__WHAT THIS TASK INVOLVES__.
With every picture left out, give the data below back exactly.

__SOURCE MATERIAL__.
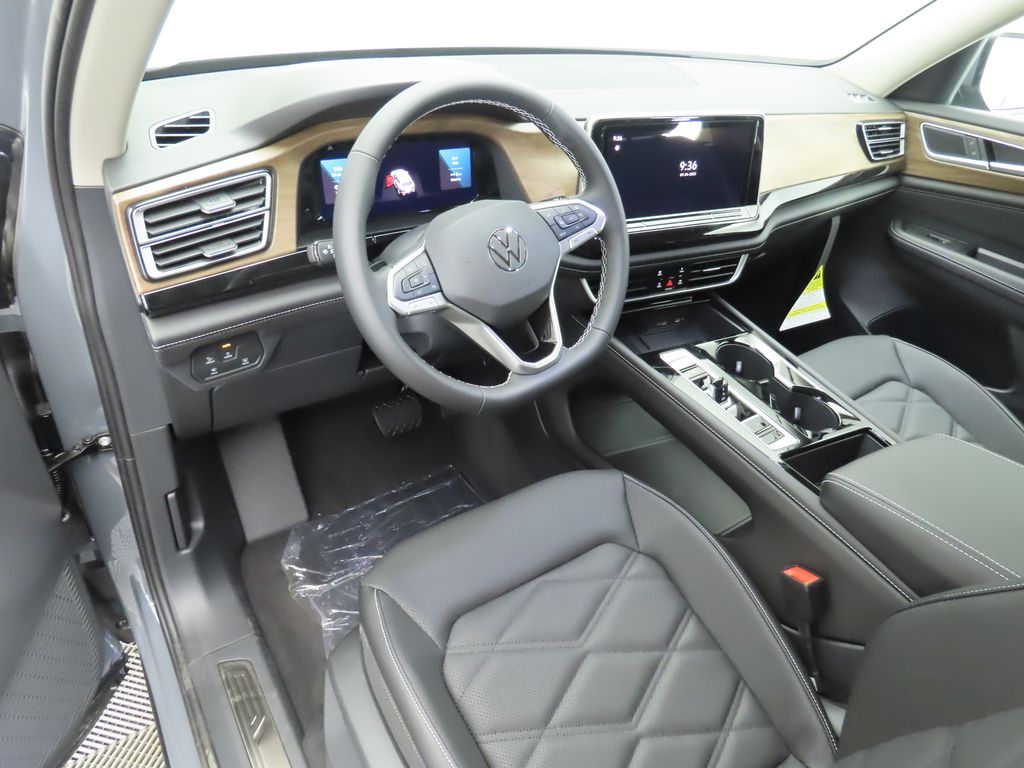 2026 Volkswagen Atlas SE Technology photo 9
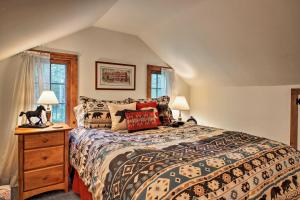 Un pat sau paturi într-o cameră la Award-Winning Log Cabin, Top 5 in New England!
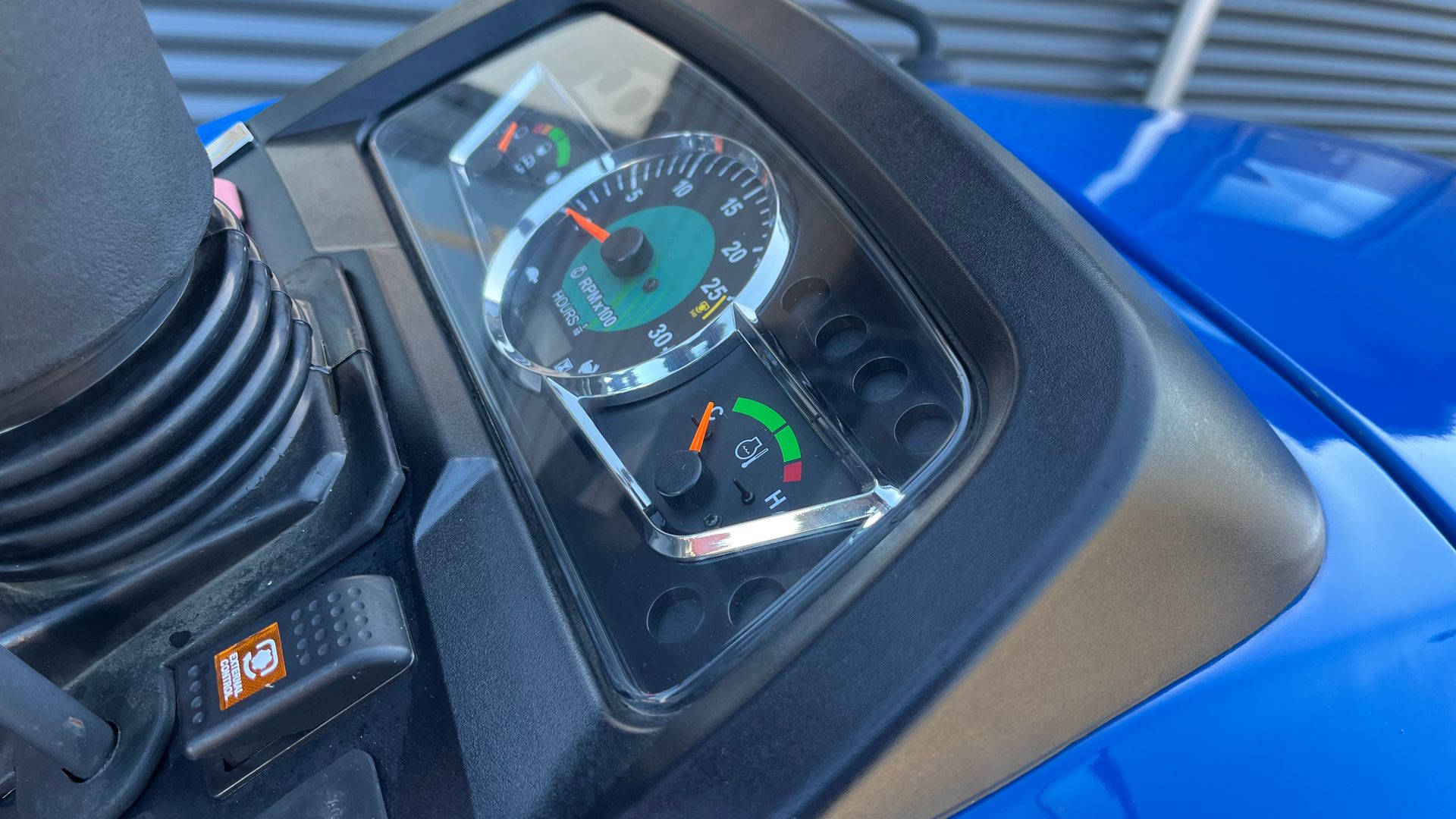 Solis S26 Shuttle XL Fabriksny 26hk 4WD traktor med vendegear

__COMPLETED EXERCISE__.
 2026 Volkswagen Atlas SE Technology photo 9
 Un pat sau paturi într-o cameră la Award-Winning Log Cabin, Top 5 in New England!
 Solis S26 Shuttle XL Fabriksny 26hk 4WD traktor med vendegear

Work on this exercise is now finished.